Questions fréquentes
Quel est le salaire médian d’une ingénieure nucléaire en France en 2026 ?
Le salaire médian s’établit à 58 000 € brut annuel en 2026, selon les données de marché consolidées. Il représente le point médian entre le salaire d’entrée (≈ 40 600 €) et le salaire senior (≈ 72 500 €).
Une ingénieure nucléaire peut-elle gagner plus de 80 000 € ?
Oui, les profils experts ou les responsables de grands projets atteignent couramment 80 000 à 100 000 € brut annuel. Au-delà, les directeurs techniques ou les consultants indépendants très spécialisés peuvent dépasser ces seuils, notamment en contexte international.
Le secteur nucléaire paye-t-il mieux que d’autres branches de l’ingénierie ?
En moyenne, oui. La combinaison de la rareté des profils, des habilitations spécifiques, des conventions collectives IEG et des enjeux critiques de sûreté génère une prime sectorielle estimée à +10 à +20 % par rapport à la médiane des ingénieurs généralistes en France (source : APEC Référentiel des salaires ingénieurs).
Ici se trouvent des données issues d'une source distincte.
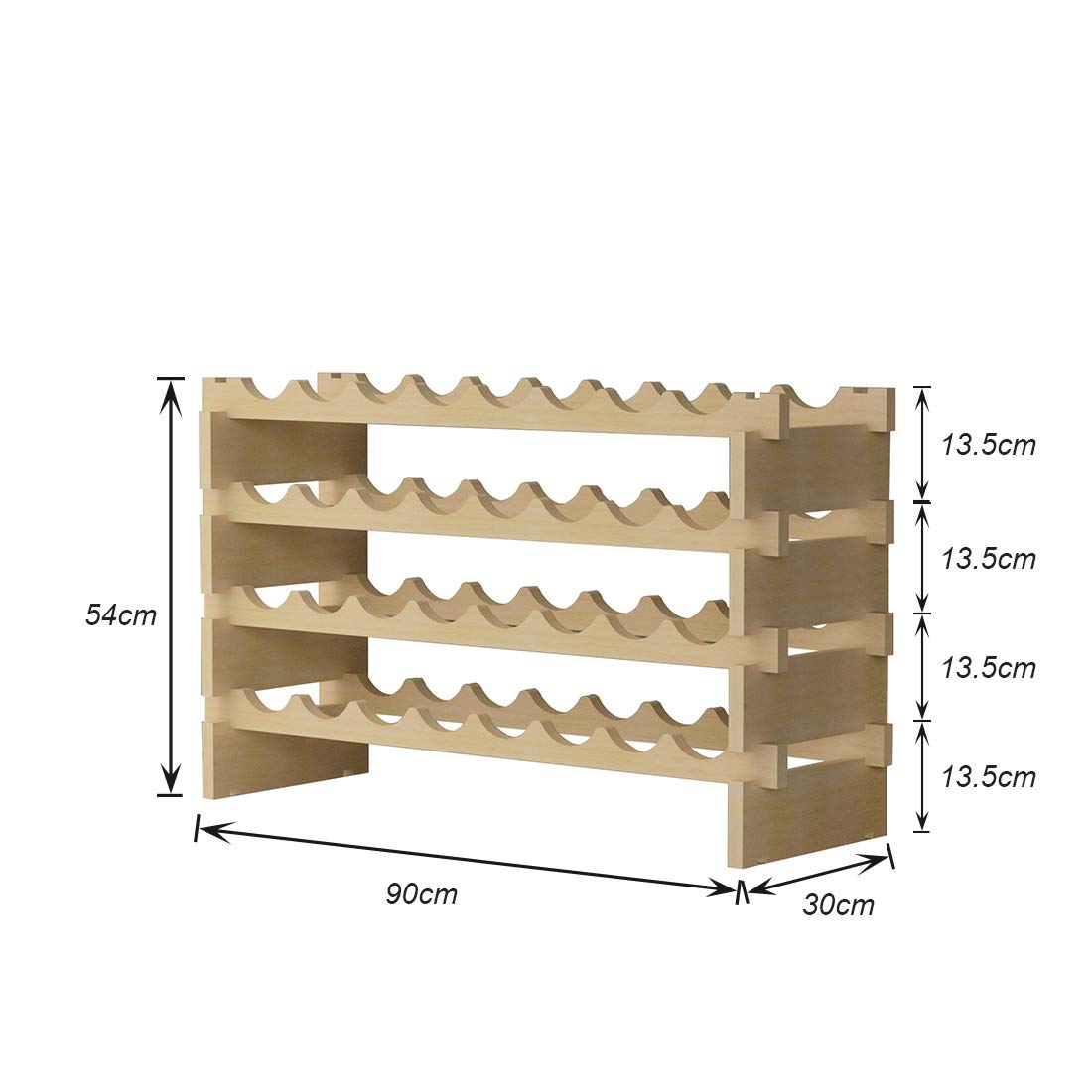 sogesfurniture Weinregal Flaschenregal mit 4 Ebenen für 32 Flaschen Wein Holzregal Weinhalter Weinständer Flaschenständer für Küche, Esszimmer, Bar, 90x30x54cm, BHEU-BY-WS4832M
L’intelligence artificielle va-t-elle réduire les salaires dans ce métier ?
À horizon 2030, le risque de compression salariale directement liée à l’IA reste limité (score 37/100). L’IA automatise des tâches périphériques (analyse documentaire, simulations répétitives) mais renforce la valeur des profils capables de superviser ces outils et de prendre les décisions à enjeu réglementaire. Les ingénieures qui maîtrisent les outils d’IA seront mieux positionnées que celles qui les ignorent.
Quelles formations permettent d’accéder à ce métier et à ces niveaux de rémunération ?
Les voies d’accès principales sont les écoles d’ingénieurs généralistes (Centrale, Mines, INSA, Grenoble INP) avec une spécialisation nucléaire, ou l’Institut National des Sciences et Techniques Nucléaires (INSTN, rattaché au CEA). Un double diplôme ingénieur-master en sûreté nucléaire ou en physique des réacteurs renforce significativement l’employabilité et accélère la progression vers les paliers de rémunération senior.